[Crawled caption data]
********************

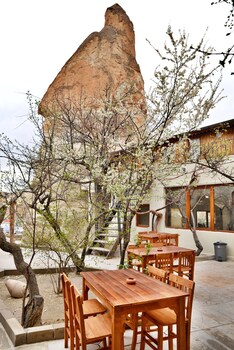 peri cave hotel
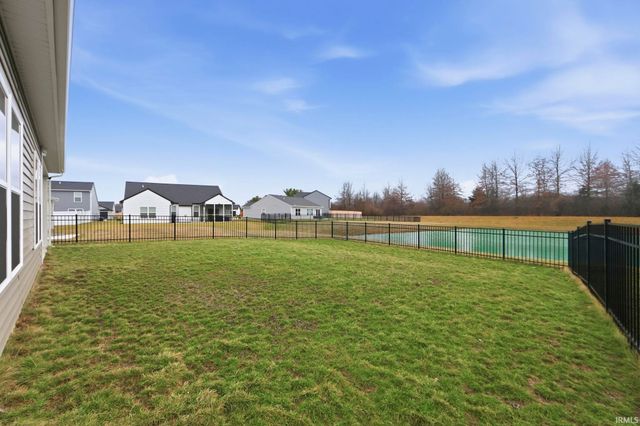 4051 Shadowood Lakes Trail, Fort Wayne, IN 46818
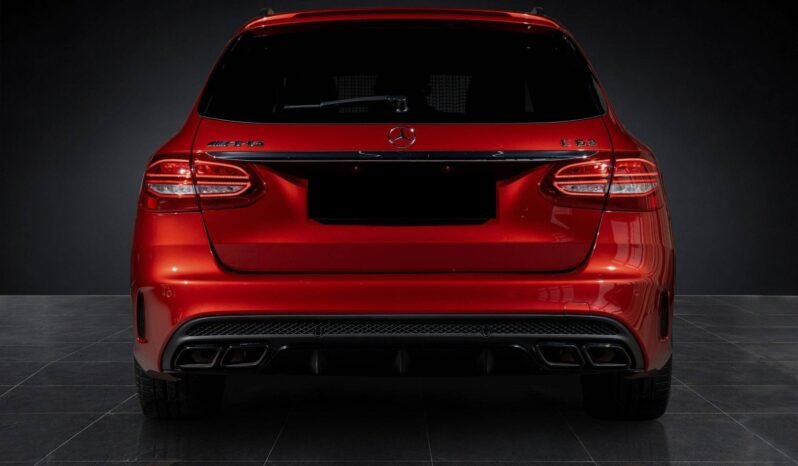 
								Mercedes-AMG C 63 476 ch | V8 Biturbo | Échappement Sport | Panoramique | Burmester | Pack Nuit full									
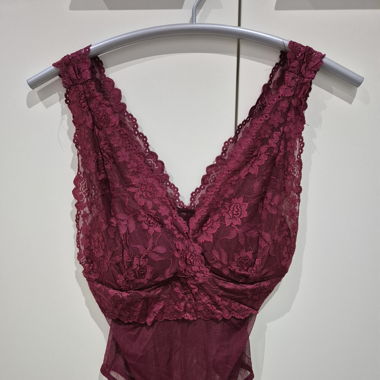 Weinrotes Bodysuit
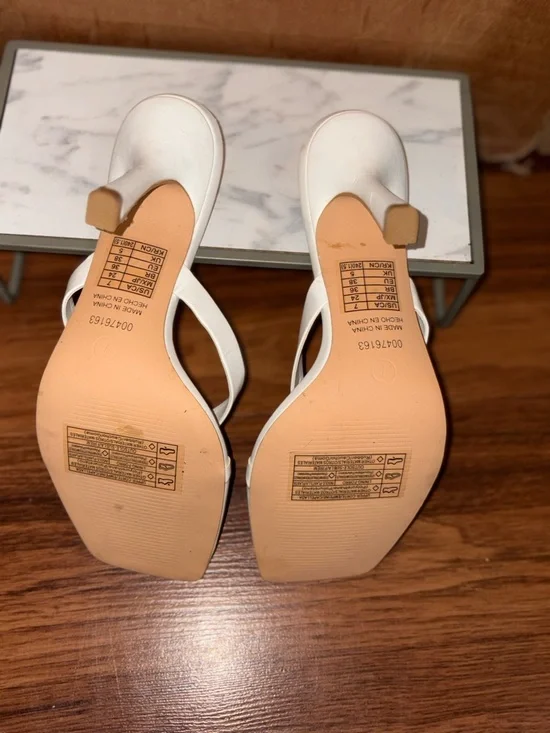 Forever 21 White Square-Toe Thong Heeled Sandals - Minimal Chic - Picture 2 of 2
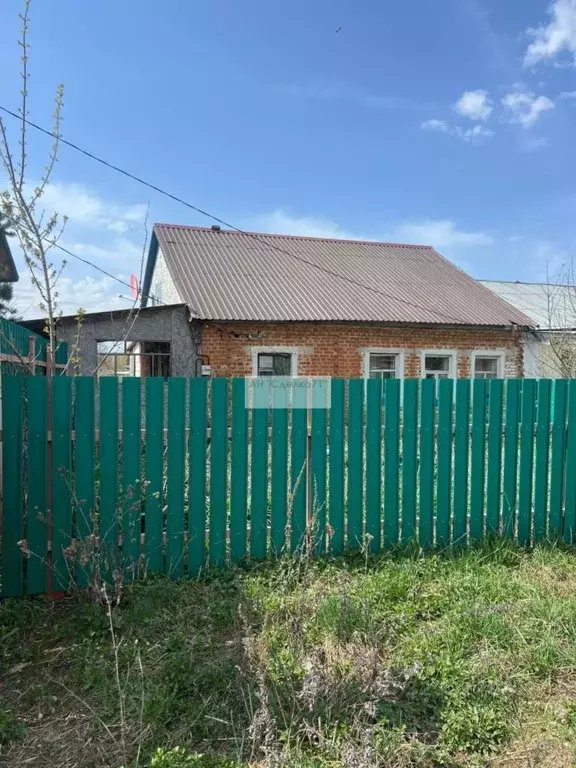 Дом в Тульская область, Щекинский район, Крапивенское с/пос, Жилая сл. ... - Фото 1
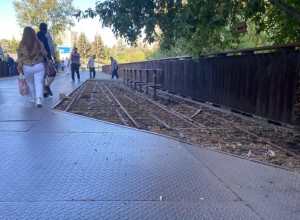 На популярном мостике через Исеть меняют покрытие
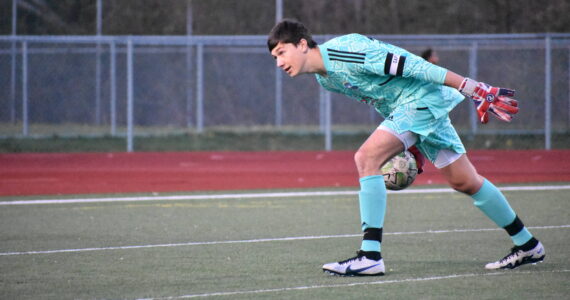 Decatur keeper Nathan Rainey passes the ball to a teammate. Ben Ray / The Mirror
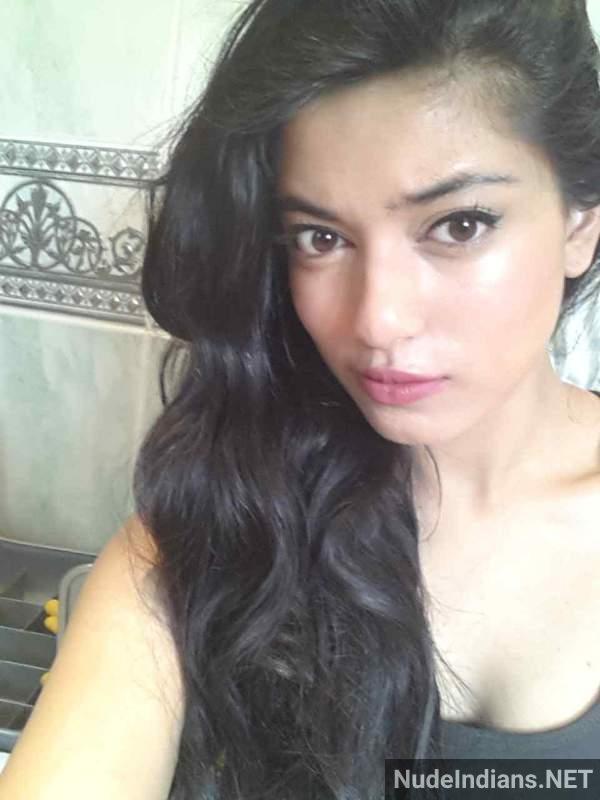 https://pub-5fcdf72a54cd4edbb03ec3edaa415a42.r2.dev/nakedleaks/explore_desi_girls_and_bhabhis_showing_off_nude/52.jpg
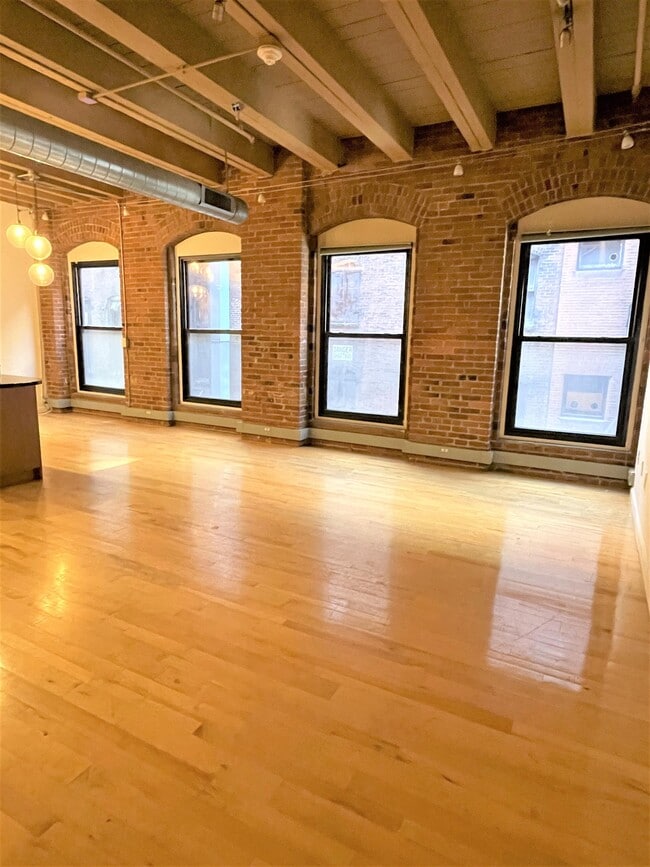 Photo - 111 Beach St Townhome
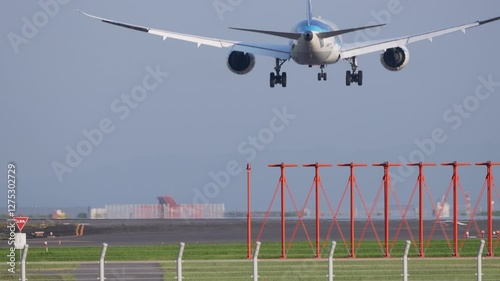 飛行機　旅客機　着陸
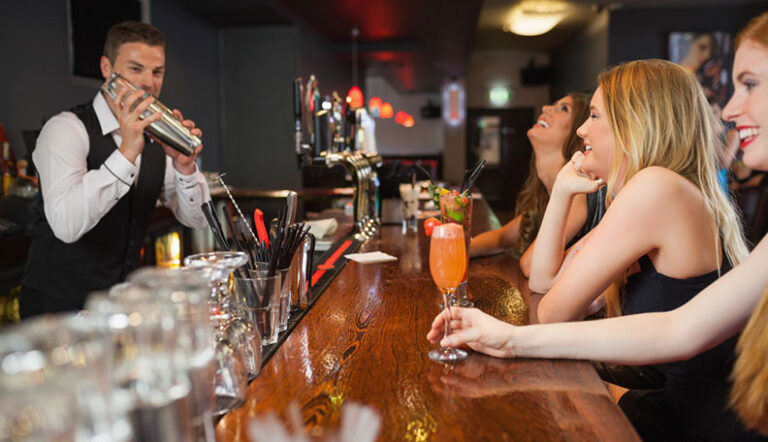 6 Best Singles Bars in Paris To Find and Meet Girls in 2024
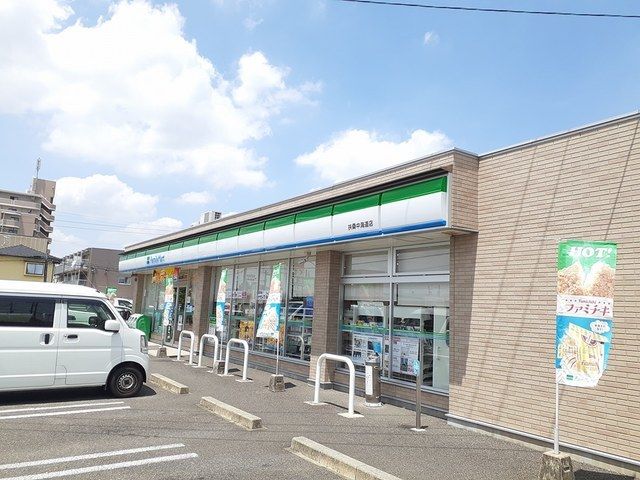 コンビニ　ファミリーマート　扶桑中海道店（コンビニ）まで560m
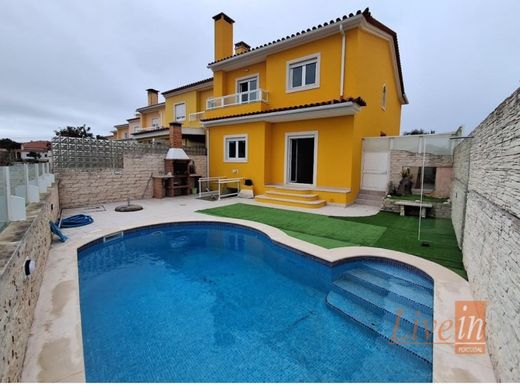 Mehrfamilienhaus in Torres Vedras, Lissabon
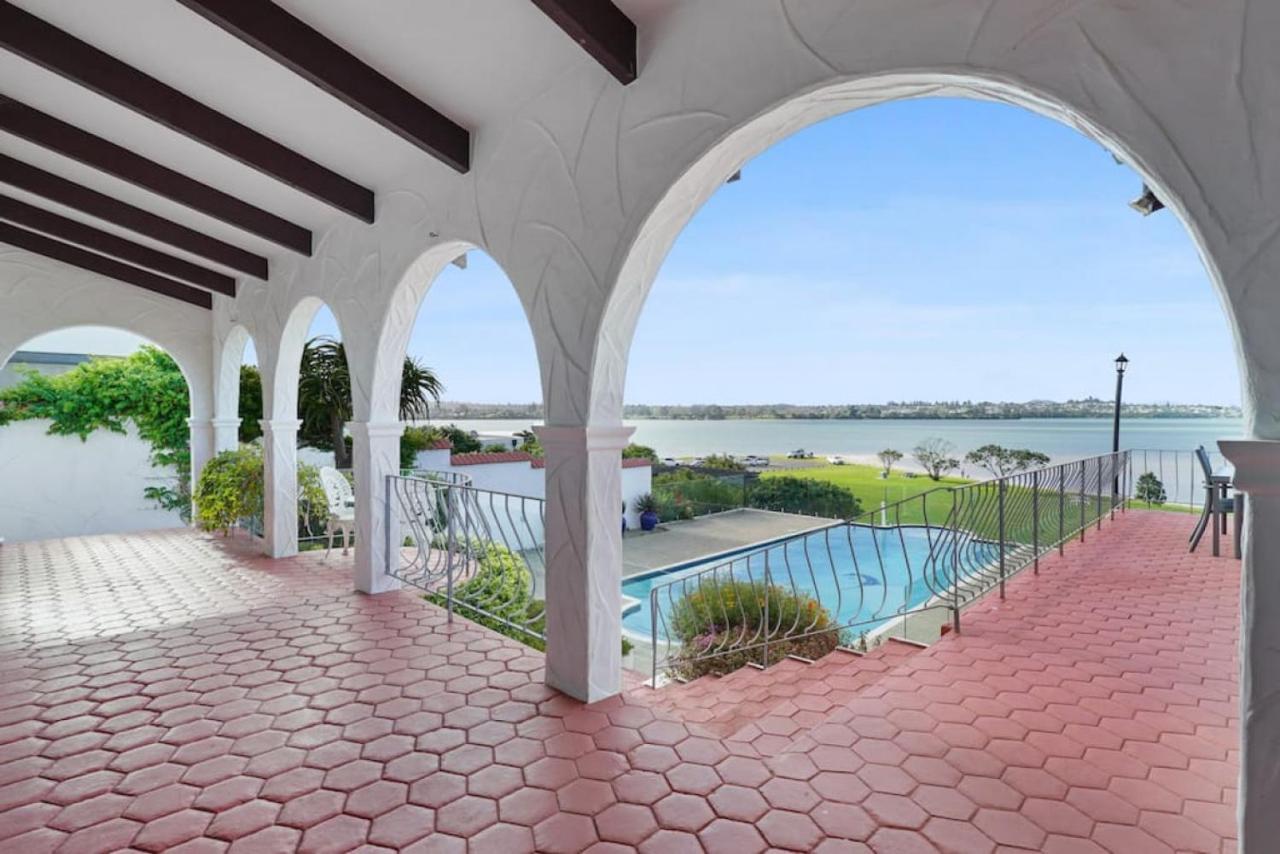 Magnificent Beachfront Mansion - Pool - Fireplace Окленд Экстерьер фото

********************

* What to work on
Make an exact copy of the lines above, beginning with the line with "4051 Shadowood Lakes" and ending with the line with "Forever 21 White", and keep the pictures out of it.

* Task solution
 4051 Shadowood Lakes Trail, Fort Wayne, IN 46818
								Mercedes-AMG C 63 476 ch | V8 Biturbo | Échappement Sport | Panoramique | Burmester | Pack Nuit full									
 Weinrotes Bodysuit
 Forever 21 White Square-Toe Thong Heeled Sandals - Minimal Chic - Picture 2 of 2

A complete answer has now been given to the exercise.